Whether it is detention without charge, law officers being able to store telephone call details, text messages, email content and web browsing habits, or the ability of the police to take DNA off a subject even if they haven’t been charged. All of these new laws have been brought in, ostensibly to aid the fight against crime and terrorism, but as we have already witnessed, neither the police nor the government are shy of using anti-terror laws in completely inappropriate circumstances. As each new piece of legislation has been passed, so we have had to wave a fond farewell to some of the fundamental rights that we have lost in the process. Rights that we have enjoyed for hundreds of years. Yet crime is not falling and terrorism remains the same threat as it was before.

The government has become the ‘bitch’ of the police service, giving them have whatever they want, whether it be detention without charge, 30,000 taser guns or the ability to monitor telephone calls on the say so of a senior officer rather than a judge. Opposition parties, by contrast, have acted like the governments lapdogs, providing a less than spirited defence of the rights of the individual. In an effort to preen themselves in front of the TV cameras, or gain a few column inches from a compliant newspaper, members of parliament have forgotten that they are responsible for upholding the rights and liberties of the citizens of this country. They have failed miserably….look at how many departments that have been labeled “not fit for purpose”, now consider how this label could be identified with most of the government and a large number of other MP’s!

As a consequence of this governments preoccupation with gaining more and more state control, we as a people have become all the poorer. Not in economic terms (that was for different reasons), but in terms of freedom. Our right to privacy has gone forever, because this government has allowed nearly every aspect of our lives to be monitored and/or recorded and then allowed upwards of 800 agencies, both public and private, access to that information. It is an outrage. Worst of all, every MP that failed to speak up for the people of this country on this issue have been complicit in our demise, further, every newspaper editor that has failed to raise these issues for fear of losing scoops from a minister have failed their readership.

Of course you can’t get the genie back into the bottle, but members of parliament on all sides should seek to use the Damian Green affair as a signal that a complete review is now needed of all legislation passed that has provided government and the police service with unprecedented powers over the people of this country. British citizens are supposed to be the masters, not the servants, New Labour policies have dispensed with this long held tradition. Purists may say I am wrong, but it is my contention that when so much power has been passed to government and the tools or agents of government, such as the police service, security services and so on, the people of this country become the servants of state, not the other way around.

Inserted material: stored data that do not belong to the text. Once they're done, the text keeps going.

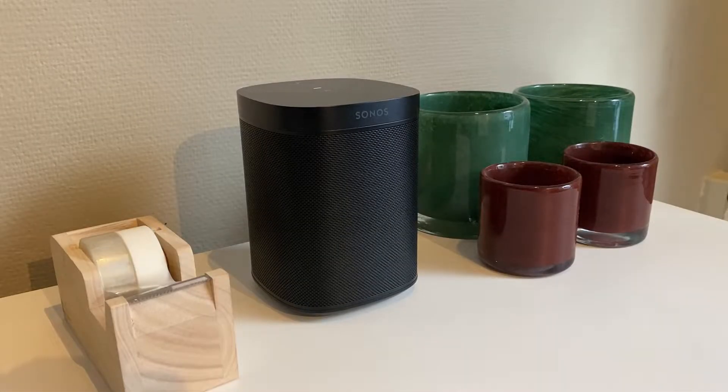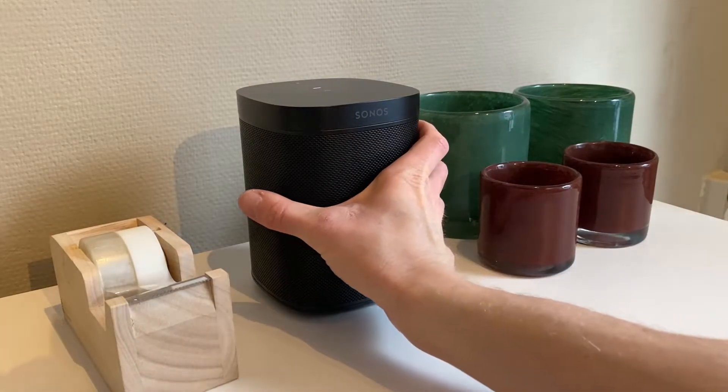Hi, this is how you perform a factory reset of any of the Sonos One speakers. A factory reset can be good to do either before selling the speaker, or if it's being problematic in any way and you just want to reset it to try and get rid of the malfunctioning.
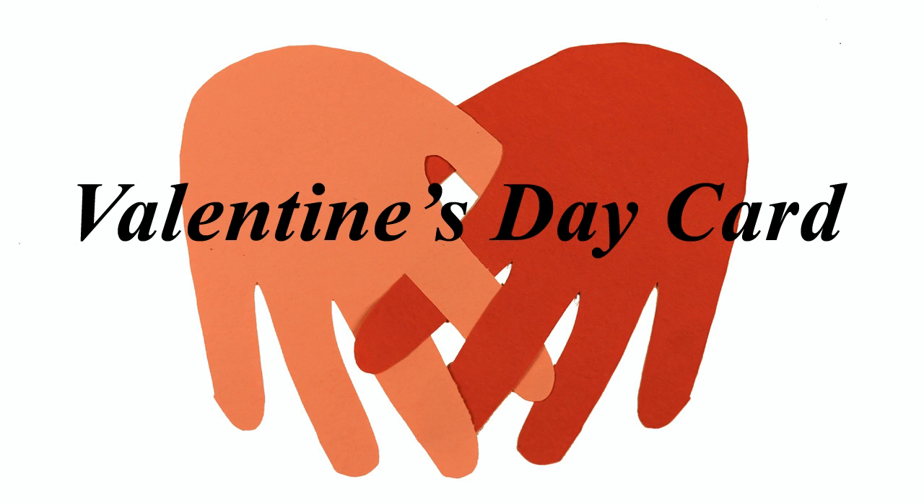Hi, this is Joelle Meijer. I will show you how to create a beautiful Valentine's Day card with the outline of a hand.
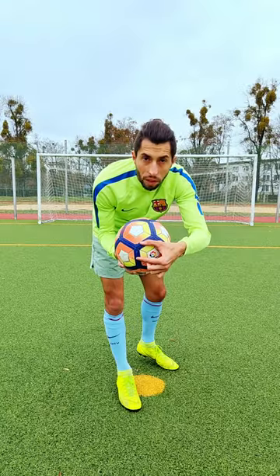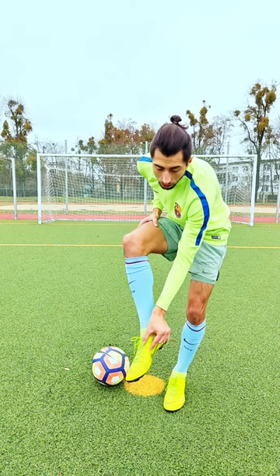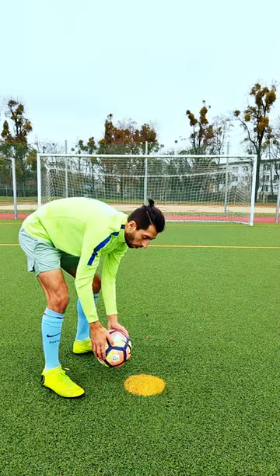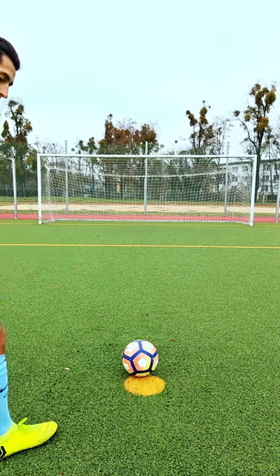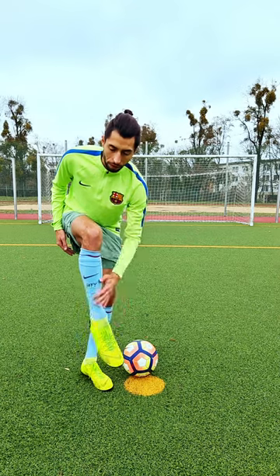Cristiano Ronaldo penalty: you hit the ball in the middle, a little bit to the right. You hit the ball a little bit with the inside of your instep, with the bone on the side. Put the ball on the end of the point. You go to the ball from this angle, standing leg close to the ball, parallel to it, and your leg is completely straight and fixed.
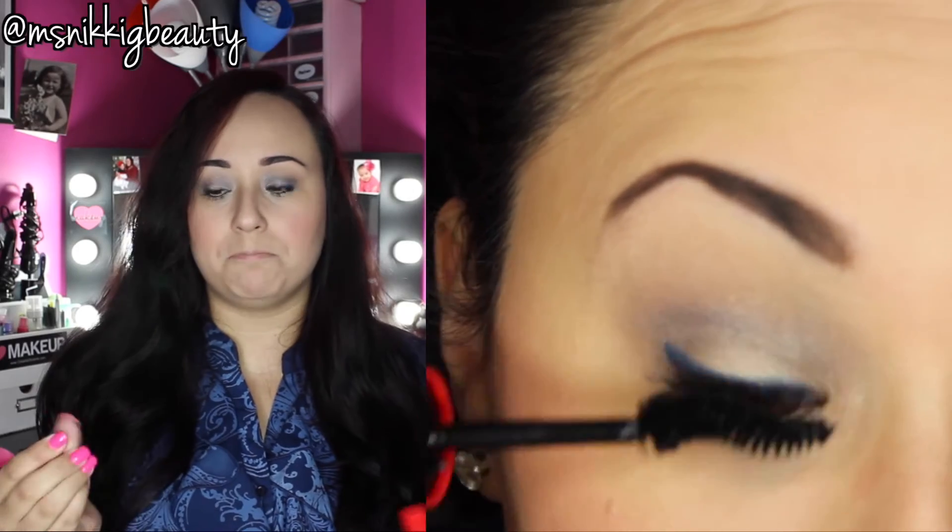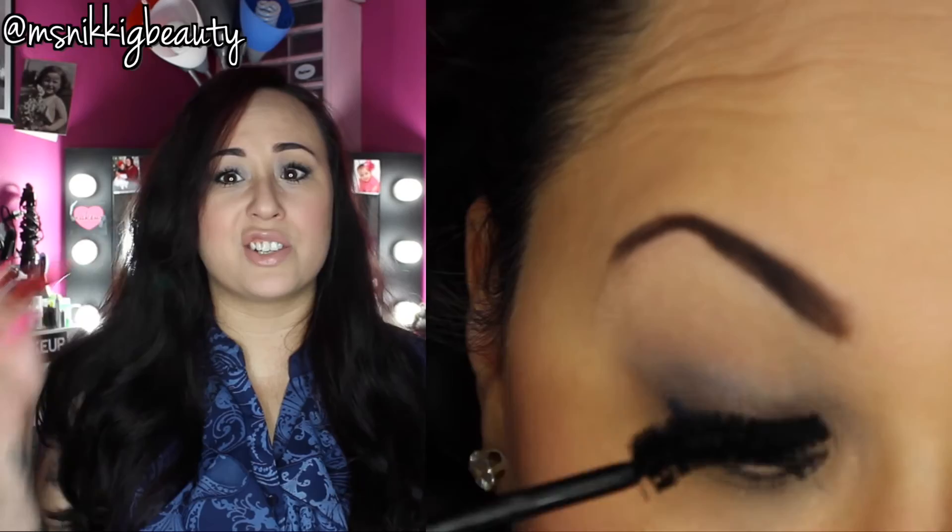I also don't like the formula. It's very thin. I feel like it just made my lashes stick together and not really pull through. So you can see me applying it here. I'm definitely not thrilled about it — I'm kind of just doing it.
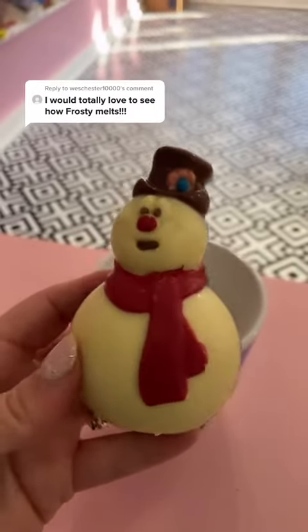Moment of truth! Let's pull this dude out and try not to giraffe him. He's so cute! In all honesty, I have to say, I think this is my first time ever doing a hot cocoa bomb.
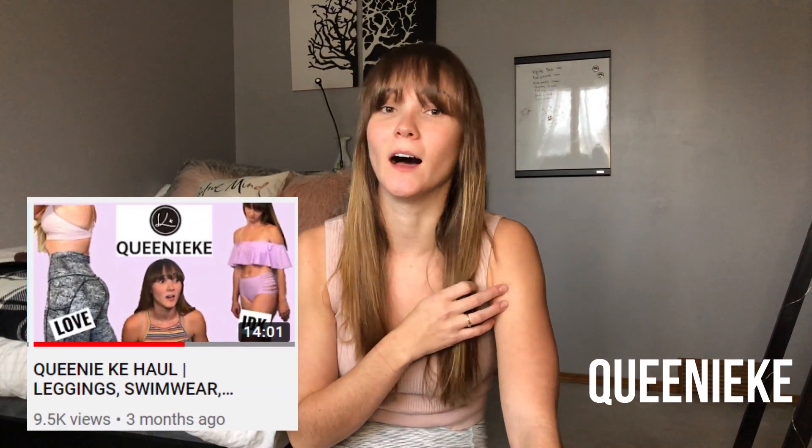Hey YouTube, we are back with another video on activewear! The brand I'm doing today is Queenie Key — I've already done a video on them which I'll link below. I love their stuff: amazing quality for amazing prices, A plus. I have a pile of stuff they sent me that I haven't reviewed yet. Before we start, hit that like button and subscribe if you want to see more videos like this, and comment your favorite outfit down below!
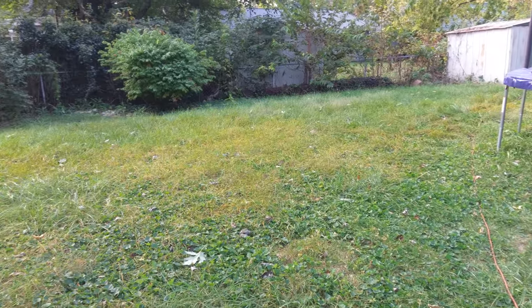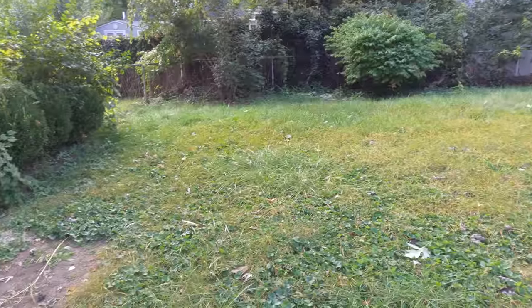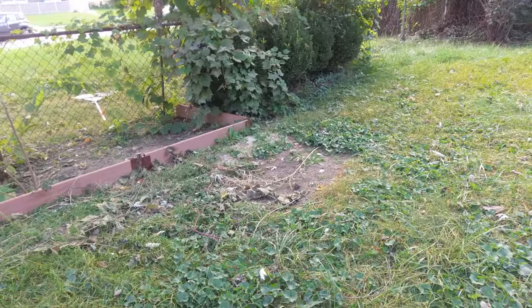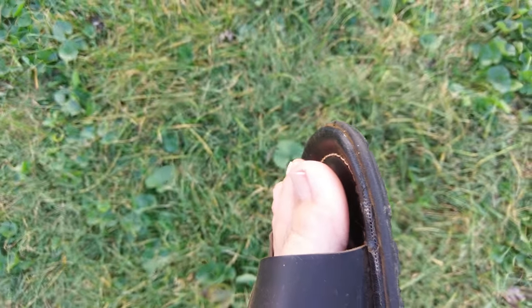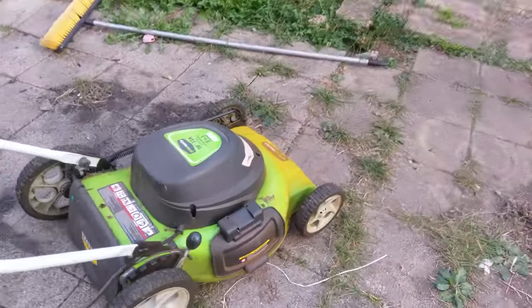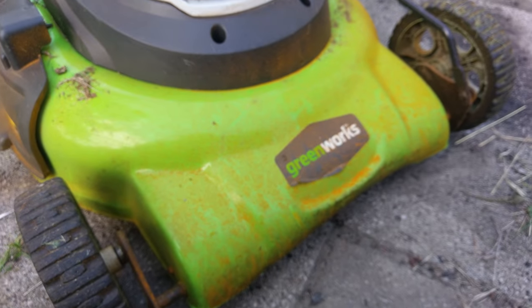This is not yellow grass. This is some kind of orange powder or spray on the grass. You can see a little bit collected here on my sandal. And I just moved my lawnmower through it, and it collected significantly on the front here as well.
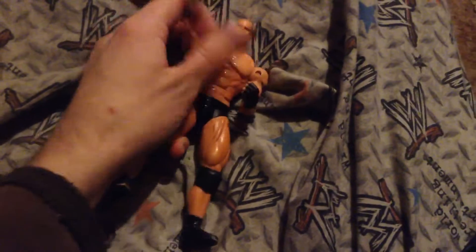When you push his arm back it's supposed to do a clothesline — it's like this. Sometimes it doesn't always work, but he's supposed to punch you like that. He does go twisty; he's kind of crooked.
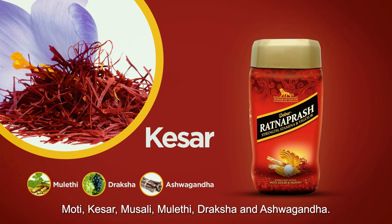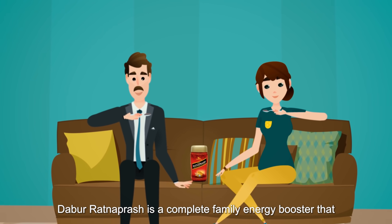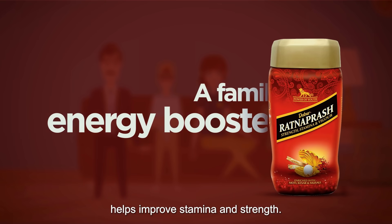Kesar, Muesli, Mulethi, Draksha and Ashwagandha. Dabur Ratnapraash is a complete family energy booster that helps improve stamina and strength.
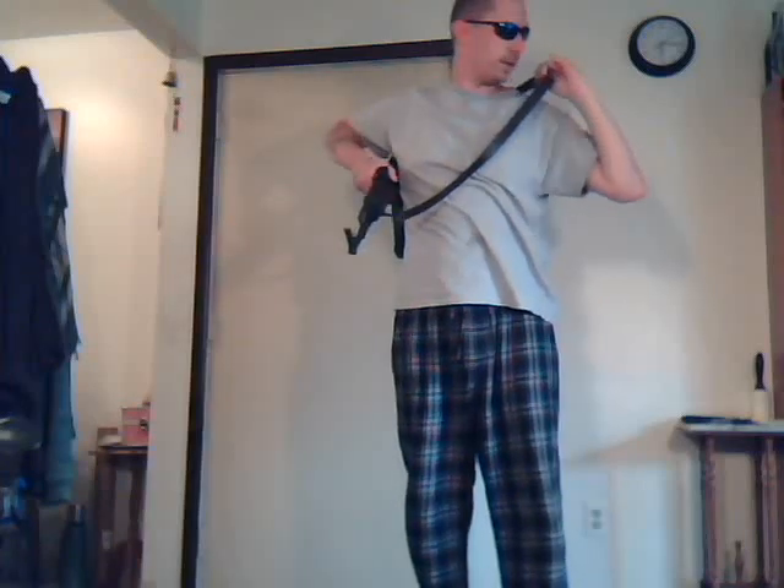Push the rifle back as you're pulling the sling forward and then it will sit on your back real nice. This is probably the most comfortable way to carry it on your back.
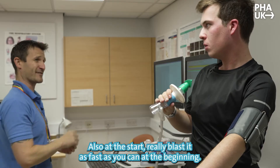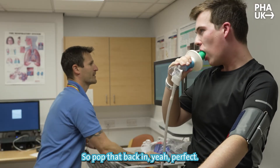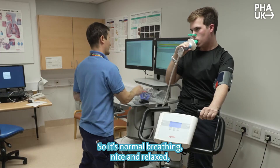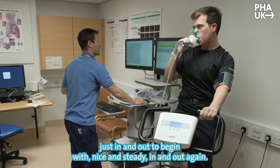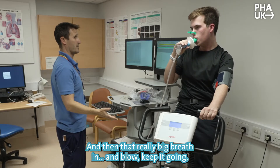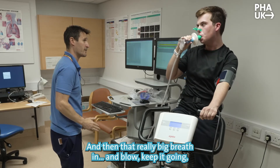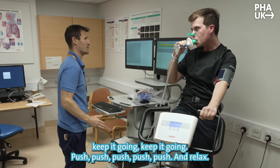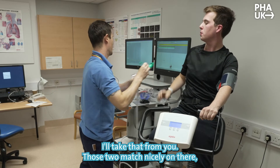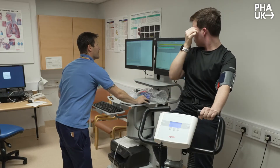So pop that back in — perfect. Onto your nose. Normal breathing, nice and relaxed. Really — excellent. Those two match nicely, so that's very good.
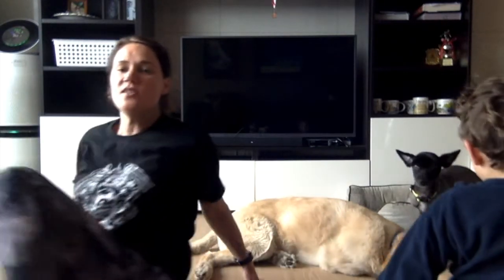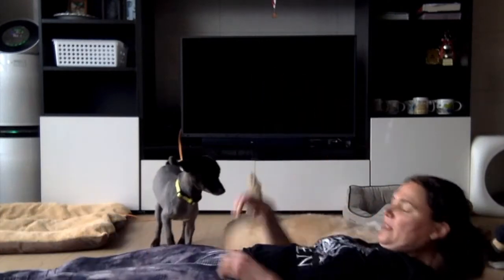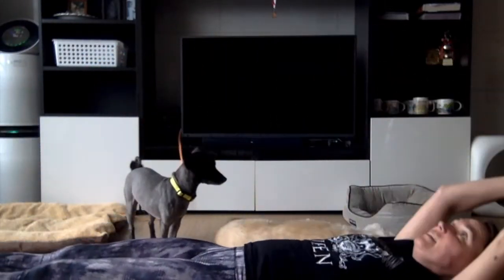Last one we're going to do are called V-ups. You're going to lie all the way down and come up, lifting your knees or legs up at the same time. This is our hardest one — especially with the teddy bear!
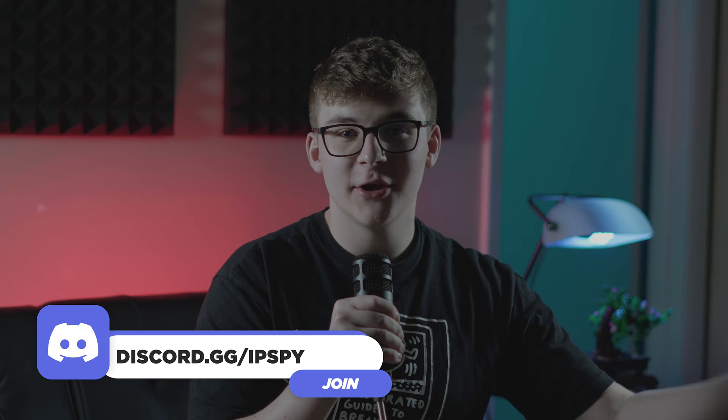If you get stuck anywhere inside of this video I'm going to leave the link to my Discord inside of the description — there's me as well as other people in there who are happy to help. Throughout this video I'm going to be referencing different links that you guys will need to set up your VPN. I have a blog article that goes step by step with this video that also contains those links, and the link to that will be inside of the description.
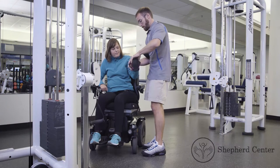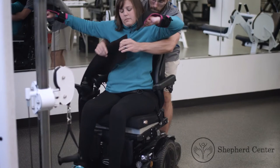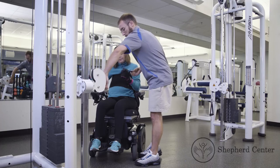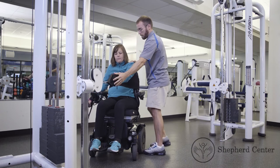Use an assistive grasping device to help the participant with the exercise. Use a trunk strap to secure the participant's upper body to the wheelchair. Attach the handle of the cable pulley to the participant's hand using the assistive grasping device.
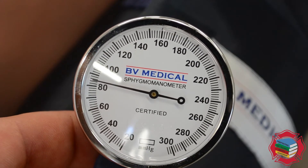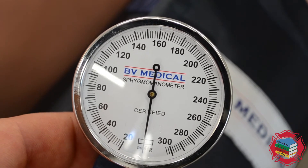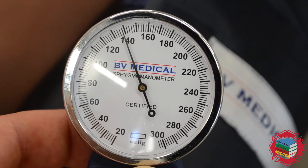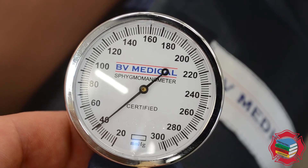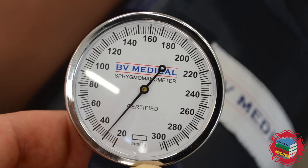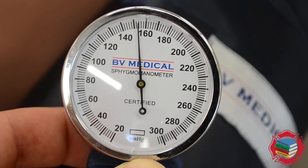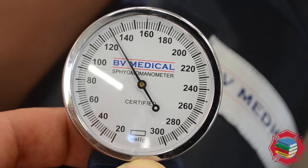If you rapidly dump the air out of the bladder you tend to skip large portions of the blood pressure and end up with glaring inaccuracies in your vital signs, which is something we want to avoid at all times. So again, when you inflate the cuff — 160 is just an arbitrary number that you will modify depending on your patient population — this slow rate is how the needle should be falling.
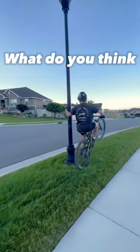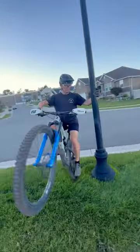Number three is whatever this is. I like to call it pole dancing — what do you think we should name it? This is also one of my favorite parking lot show-off tricks.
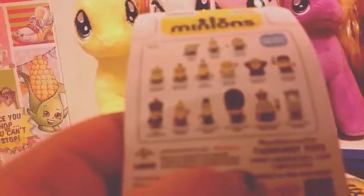Let's start with the Minions. We've got one of the little Royal Guards. His name is — wait, no. This is Vive Le Mignon. That's a weird name. So, Vive Le Mignon. Let's just do all the Minion ones at once.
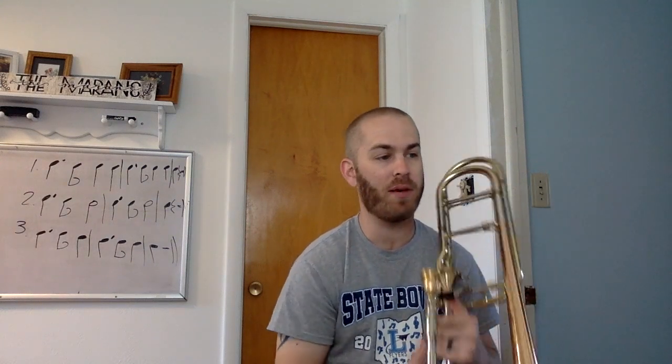Let's play it. Ready? One, and... All right. What changes during this? Our dynamics are about to change to piano, but I want you to ignore that until you get the rhythm correctly. When you practice something new, practice it all at mezzo forte, and then get your dynamics — that's like the last finishing step.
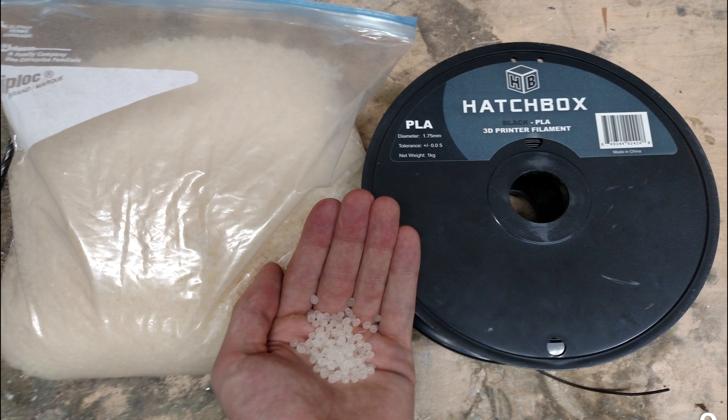On the right is something you should be very familiar with, which is a 3D printer filament roll. This 3D printer filament roll is manufactured by Hatchbox, and it comes in the PLA type of plastic with a 1.75mm diameter in the black color. On the left, we have something that you shouldn't be as familiar with, which is NatureWorks 4043D PLA Indigo Resin. This resin is in pellet form, and this resin is used inside the Multistruder to create PLA filament.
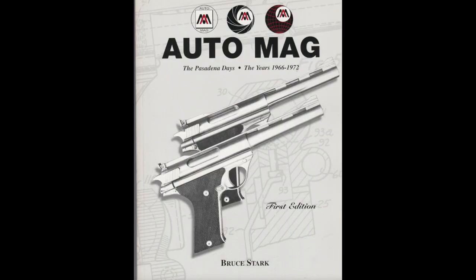First off, I wanted to mention Bruce Stark's book, Auto Mag: The Pasadena Days. It's really the definitive account of the development of the Auto Mag, and I encourage you to get one. I will put Bruce's email at the bottom so you can contact him.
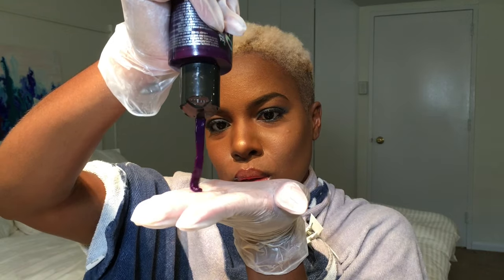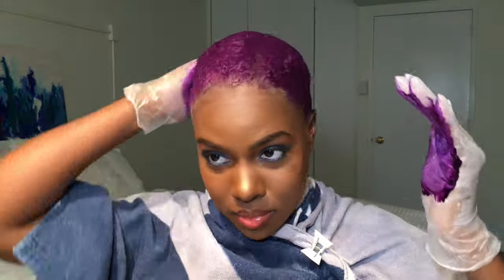I went in with this Manic Panic Purple Haze, which is gorgeous. Shout out to one of my subscribers who put me onto this brand — it is a vegan dye. And after using super harsh chemicals to bleach my hair blonde, it was really nice to go in with something gentle. There was no crazy smell, it's not a harsh chemical for my hair or my scalp, and it was like the perfect thing to use for this project. I loved it.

We may retain the vote, but little else and if we allow further removal of our rights, we could end up being a basket case like Zimbabwe, with question marks over our entire electoral system. Melodramatic maybe, possible most certainly, after all, Hazel Blears has already indicated that she wants the legal power to prevent publication of certain stories in the mainstream media and has pointed out that she is not in favour of bloggers. Who 20 years ago would have guessed that we could lock people up for a month with no charge, seize the assets of another country using anti-terror laws, monitor and store every telephone call, text message and email, force identity cards on a reluctant public? The list goes on, but you get the picture, it isn’t just possible, we are already well on our way.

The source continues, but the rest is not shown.